Naturalmente non siamo così sfrontati come quel cavaliere medioevale
che affermava: “Non faccio per vantarmi, ma oggi è una bellissima giornata!”. Siamo molto meglio di lui e gestiamo il nostro
autocompiacimento con maggiore prudenza. Per esempio, facciamo precedere i
nostri autoelogi da frasi come “modestamente parlando” o “nella mia pochezza” (frase
caratteristica dei predicatori!) o “lo dico solo perché mi conosci e sai che è
vero”, o ancora “correggimi se sbaglio” (ma non lo fare!).
La realtà di fondo è che, purtroppo, siamo tutti orgogliosi,
superbi e abbiamo di noi stessi un’opinione ultrapositiva. Non ci credete? Basta pensare che arriviamo perfino
a autocompiacerci dei nostri difetti!
Fateci caso. Lo sentiamo e lo diciamo: “Perdo
la pazienza... sono gelosa... non lo sopporto...”. Però, la conclusione di
solito è: “Purtroppo sono fatto (o fatta) così! Prendetemi come sono!”.
L’Apostolo Paolo esortava i credenti di Roma dicendo: “Dico a ciascuno di voi che non abbia di sé
un concetto più alto di quello che deve avere, ma abbia di sé un concetto
sobrio, secondo la misura di fede che
Dio ha assegnata a ciascuno... Avendo pertanto doni differenti, secondo la
grazia che ci è stata concessa, se abbiamo dono di profezia, profetizziamo...

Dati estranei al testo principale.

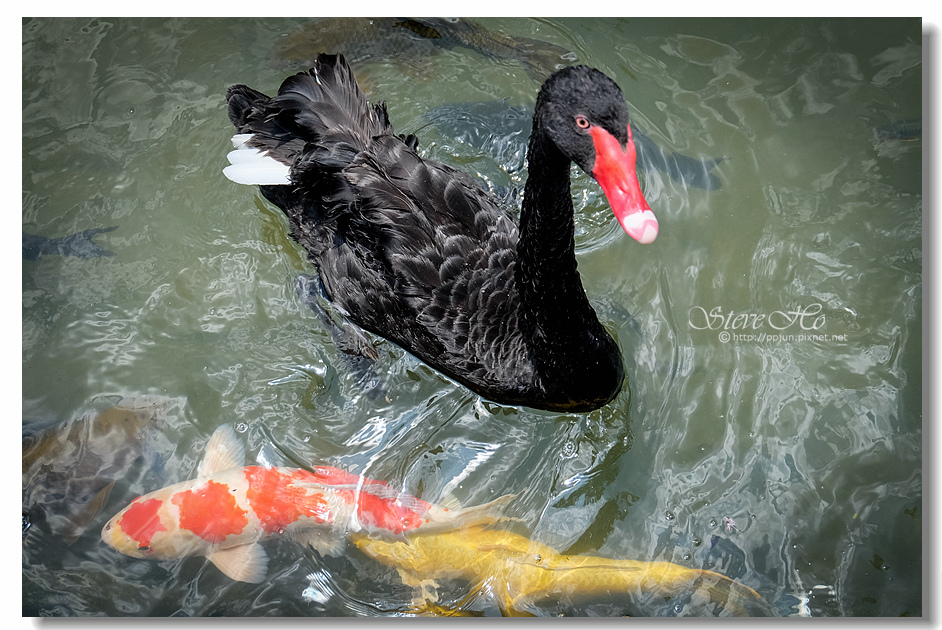 DSCF6549.jpg DSCF6549.jpg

se di ministero attendiamo al ministero... se di esortazione all’esortare...
chi dà, dia con semplicità, chi presiede lo faccia con diligenza, chi fa opere
di misericordia le faccia con gioia” (12:3-8).
Ci sono sempre mille cose che dobbiamo ancora capire e
imparare, perciò diamoci una calmata, prima di metterci in cattedra. C’è ancora tanta umiltà da imparare e esercitare,
tanta pazienza da usare. Tanto autocompiacimento da tenere sotto controllo e da
ridimensionare.
Il Signore Gesù sapeva tutto, conosceva tutto e capiva
tutto. Eppure ha detto: “Imparate da me,
che sono mansueto e umile di cuore”. Una persona mansueta è una persona
domata, capace di ubbidire, ascoltare, consigliare con amore. Col suo aiuto, imitiamolo.
E quando ci riusciamo, diamo a Lui la gloria e ripetiamo le
parole di Isaia: “Signore, tu ci darai
la pace; poiché ogni opera nostra sei tu che la compi per noi!” (26:12).